Annoso dilemma: potere e democrazia
Mi sembra quasi una inutile ripetizione ricordare come la Sanità sia assai poco funzionante da alcuni anni: attese intollerabili per ottenere una visita specialistica, anche quando si tratti di ambiti assai gravi; attese di molti giorni in pronto soccorso, prima di accedere alle corsie ospedaliere; quasi totale mancanza di assistenza domiciliare (ADI) per le persone impossibilitate a muoversi; dico quasi, perché a volte, dopo ferma insistenza, si arriva a ricevere il servizio che dovrebbe essere un diritto indiscutibile.

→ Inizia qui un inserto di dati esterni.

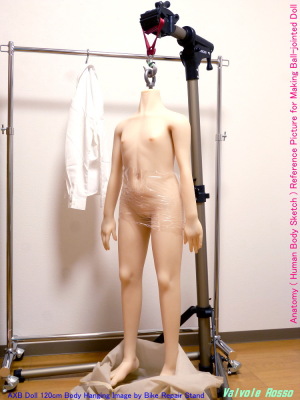 AXB Doll 120cm Body ドールボディの腰から太股にかけてサランラップ巻いてブリードの染み出しを防止してみました。。。AXB Doll 120cm Body Hanging Image by Bike Repair Stand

Ancora: come per avere un passaporto passi quasi un anno; per non parlare della carta d'identità digitalizzata, su cui si era fatto un grande battage. Non abbiamo visto, ad oggi, nessuna volontà, da parte dei nostri amministratori di richiedere la partecipazione dei cittadini alla “cosa pubblica”, finalizzata a garantire che l'attuazione del PNRR avvenga in maniera partecipata e trasparente. Sembra piuttosto il contrario. Molti fatti dimostrano che si va sempre più verso un esercizio del potere che ha poco da spartire con il concetto di democrazia.
Non a caso, condivido fino in fondo l'osservazione finale dell'articolo: l'assenza della società civile come interlocutore delle autorità che amministrano i fondi del PNRR. L'Italia futura non si può costruire a porte chiuse, tenendo fuori la cittadinanza. La partecipazione deve tornare ad essere la realtà, la sola, che potrebbe permettere al nostro Paese di risollevarsi.